October 17th, 2023
This morning, we have a tug of war between technicals within the indexes and the market leaders, namely interest rates. The daily charts have been consistently showing the same pattern over the past several sessions. The ES is currently slightly below its 5-day moving average (4388.75) and my neutral area of 4406.50. On the other hand, the NQ is sitting above its neutral area (15,175) and just below its 5-day moving average (15,272). Whenever the major indexes hover around neutral areas and fluctuate around a mere 5-day moving average, it’s a clear sign of a choppy market.
Looking at the 3-minute chart I shared, you can see the specific zone I highlighted between Monday’s and Friday’s VWAP (4401-4382). This area is expected to be a major chop zone, as indicated by the overnight action. When you examine the VWAPs and the standard deviation lines, they are pointing upward, suggesting bullish momentum. This favors longs, but the higher interest rates this morning create a contradiction with the technicals.

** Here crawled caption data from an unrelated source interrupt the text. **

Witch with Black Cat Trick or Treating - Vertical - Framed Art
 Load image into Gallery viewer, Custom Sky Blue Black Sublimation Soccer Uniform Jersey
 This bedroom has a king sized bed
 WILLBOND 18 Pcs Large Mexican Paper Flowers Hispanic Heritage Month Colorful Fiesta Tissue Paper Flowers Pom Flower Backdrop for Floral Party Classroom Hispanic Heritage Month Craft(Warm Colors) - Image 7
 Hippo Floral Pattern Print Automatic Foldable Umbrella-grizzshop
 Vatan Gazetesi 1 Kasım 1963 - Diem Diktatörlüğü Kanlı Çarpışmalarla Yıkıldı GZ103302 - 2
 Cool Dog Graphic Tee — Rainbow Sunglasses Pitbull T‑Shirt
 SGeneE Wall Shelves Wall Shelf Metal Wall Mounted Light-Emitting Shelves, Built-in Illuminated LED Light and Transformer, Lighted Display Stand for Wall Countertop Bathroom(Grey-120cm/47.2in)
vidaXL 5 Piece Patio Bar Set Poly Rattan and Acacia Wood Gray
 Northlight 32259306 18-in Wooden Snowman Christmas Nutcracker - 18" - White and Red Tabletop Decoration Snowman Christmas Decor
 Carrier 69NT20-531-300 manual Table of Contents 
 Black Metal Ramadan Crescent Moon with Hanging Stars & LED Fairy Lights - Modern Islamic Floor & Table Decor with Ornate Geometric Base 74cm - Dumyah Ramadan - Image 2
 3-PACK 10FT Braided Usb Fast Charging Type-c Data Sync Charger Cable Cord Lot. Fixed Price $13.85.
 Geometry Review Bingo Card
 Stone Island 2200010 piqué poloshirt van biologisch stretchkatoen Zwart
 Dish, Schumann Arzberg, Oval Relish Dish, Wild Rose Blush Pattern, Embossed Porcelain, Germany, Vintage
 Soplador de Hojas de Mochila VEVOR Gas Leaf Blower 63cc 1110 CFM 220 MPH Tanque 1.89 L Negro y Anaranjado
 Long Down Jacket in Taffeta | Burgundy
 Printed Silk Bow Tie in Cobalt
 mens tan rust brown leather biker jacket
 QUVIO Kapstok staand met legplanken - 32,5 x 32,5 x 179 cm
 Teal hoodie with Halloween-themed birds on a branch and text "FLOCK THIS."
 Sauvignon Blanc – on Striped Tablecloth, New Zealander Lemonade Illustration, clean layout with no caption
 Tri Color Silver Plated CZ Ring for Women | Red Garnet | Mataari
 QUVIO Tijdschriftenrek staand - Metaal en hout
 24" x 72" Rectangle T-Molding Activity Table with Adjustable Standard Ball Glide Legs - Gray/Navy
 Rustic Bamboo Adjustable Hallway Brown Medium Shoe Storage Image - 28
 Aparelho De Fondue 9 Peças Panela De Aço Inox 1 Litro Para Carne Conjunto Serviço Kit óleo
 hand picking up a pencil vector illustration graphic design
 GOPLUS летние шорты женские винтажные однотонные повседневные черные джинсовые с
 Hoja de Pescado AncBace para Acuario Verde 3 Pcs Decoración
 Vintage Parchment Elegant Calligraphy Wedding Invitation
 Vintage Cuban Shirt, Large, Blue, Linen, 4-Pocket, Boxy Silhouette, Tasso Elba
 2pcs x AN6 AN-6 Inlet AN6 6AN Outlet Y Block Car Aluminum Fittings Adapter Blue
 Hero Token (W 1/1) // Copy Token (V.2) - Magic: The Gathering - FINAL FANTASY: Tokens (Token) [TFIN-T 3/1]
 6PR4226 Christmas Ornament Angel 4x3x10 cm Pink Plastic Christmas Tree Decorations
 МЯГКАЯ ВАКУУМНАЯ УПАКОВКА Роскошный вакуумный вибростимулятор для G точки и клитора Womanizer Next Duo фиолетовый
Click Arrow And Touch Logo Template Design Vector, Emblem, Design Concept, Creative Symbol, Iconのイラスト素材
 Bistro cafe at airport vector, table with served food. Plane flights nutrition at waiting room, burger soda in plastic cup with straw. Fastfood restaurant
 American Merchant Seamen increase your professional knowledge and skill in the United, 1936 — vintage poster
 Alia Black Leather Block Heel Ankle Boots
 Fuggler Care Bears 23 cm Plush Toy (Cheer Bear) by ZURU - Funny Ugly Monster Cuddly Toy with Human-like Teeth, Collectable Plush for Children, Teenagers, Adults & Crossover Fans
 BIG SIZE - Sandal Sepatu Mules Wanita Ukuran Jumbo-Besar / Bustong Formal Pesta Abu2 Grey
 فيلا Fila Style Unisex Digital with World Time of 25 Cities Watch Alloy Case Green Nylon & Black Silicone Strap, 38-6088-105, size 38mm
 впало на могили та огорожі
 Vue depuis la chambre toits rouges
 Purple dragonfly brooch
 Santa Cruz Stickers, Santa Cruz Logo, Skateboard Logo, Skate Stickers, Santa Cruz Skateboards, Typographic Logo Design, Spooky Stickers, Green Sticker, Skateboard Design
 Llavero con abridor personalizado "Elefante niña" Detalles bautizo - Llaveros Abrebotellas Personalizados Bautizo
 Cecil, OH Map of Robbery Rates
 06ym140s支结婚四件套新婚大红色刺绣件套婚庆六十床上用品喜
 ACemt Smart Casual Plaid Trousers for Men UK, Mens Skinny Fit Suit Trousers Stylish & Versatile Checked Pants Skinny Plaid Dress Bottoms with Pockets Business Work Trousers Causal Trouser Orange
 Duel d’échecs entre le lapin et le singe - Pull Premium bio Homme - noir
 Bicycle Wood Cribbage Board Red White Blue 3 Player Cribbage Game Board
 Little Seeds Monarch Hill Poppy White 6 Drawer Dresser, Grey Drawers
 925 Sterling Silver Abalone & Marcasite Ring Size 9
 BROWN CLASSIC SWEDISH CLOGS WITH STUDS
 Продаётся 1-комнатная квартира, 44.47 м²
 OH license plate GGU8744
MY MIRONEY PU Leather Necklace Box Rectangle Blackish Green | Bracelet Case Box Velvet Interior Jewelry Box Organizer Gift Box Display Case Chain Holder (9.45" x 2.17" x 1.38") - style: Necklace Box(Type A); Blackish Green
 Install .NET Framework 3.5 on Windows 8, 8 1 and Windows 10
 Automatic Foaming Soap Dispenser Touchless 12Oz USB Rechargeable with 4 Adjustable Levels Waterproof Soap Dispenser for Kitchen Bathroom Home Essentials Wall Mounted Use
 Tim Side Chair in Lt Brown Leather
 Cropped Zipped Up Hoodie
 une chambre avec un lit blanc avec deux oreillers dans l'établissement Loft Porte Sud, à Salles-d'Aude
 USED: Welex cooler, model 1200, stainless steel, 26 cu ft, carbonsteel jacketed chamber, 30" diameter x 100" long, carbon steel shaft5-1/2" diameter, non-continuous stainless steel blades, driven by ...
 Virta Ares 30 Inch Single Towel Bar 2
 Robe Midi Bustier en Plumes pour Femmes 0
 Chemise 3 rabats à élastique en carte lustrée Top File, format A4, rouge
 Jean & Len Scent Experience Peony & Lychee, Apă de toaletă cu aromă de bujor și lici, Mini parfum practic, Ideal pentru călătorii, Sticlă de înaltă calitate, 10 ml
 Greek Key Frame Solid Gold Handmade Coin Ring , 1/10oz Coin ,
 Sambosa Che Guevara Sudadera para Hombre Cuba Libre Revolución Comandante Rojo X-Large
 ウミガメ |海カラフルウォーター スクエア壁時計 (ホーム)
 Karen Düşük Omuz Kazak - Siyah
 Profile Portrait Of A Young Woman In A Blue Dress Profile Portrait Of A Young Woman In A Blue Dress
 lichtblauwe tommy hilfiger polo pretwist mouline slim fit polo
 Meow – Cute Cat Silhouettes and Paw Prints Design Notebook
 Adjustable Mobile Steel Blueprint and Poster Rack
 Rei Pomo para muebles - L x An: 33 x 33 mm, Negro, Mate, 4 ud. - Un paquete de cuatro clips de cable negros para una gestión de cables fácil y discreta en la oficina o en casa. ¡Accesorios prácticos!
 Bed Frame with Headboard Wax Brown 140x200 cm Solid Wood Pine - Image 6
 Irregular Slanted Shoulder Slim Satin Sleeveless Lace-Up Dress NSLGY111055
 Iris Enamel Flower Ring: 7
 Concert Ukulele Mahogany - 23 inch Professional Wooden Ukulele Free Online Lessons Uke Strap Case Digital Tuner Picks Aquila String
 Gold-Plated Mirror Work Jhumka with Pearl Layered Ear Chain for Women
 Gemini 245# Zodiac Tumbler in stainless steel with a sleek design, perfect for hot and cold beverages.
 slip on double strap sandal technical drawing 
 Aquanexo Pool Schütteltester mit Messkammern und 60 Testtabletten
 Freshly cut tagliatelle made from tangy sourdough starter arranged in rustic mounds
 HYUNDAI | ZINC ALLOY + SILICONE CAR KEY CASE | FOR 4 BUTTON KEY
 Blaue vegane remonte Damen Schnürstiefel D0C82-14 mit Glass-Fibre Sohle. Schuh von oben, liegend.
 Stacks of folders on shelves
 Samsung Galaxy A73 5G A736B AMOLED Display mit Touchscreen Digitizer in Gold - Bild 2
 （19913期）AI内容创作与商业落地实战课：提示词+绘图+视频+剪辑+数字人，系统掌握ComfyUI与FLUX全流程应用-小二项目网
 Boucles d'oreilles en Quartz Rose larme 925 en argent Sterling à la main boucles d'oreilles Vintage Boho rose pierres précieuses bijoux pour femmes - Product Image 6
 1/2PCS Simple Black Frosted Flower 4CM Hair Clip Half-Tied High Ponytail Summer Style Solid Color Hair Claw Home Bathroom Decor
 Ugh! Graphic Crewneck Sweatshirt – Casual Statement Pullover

My strategy for today is as follows: If the 3-minute opening range can sustain above 4382, I will consider a small long position, with a focus on the 4382 area and a possible test of Monday’s VWAP at 4401. If the bulls can push through that level, we may witness an accelerated rally towards the upper standard deviation bands on the 3-minute chart. However, if the bulls fail to hold 4382 and we see the VWAPs and standard deviation lines begin to decline, I will start looking for short opportunities.
Remember that position sizing is always key, but in a situation where the technicals contradict the market leaders, it becomes even more crucial to keep positions small. Don’t succumb to FOMO (fear of missing out) and avoid becoming too attached to any particular trade. Stay nimble and adapt to changing market conditions.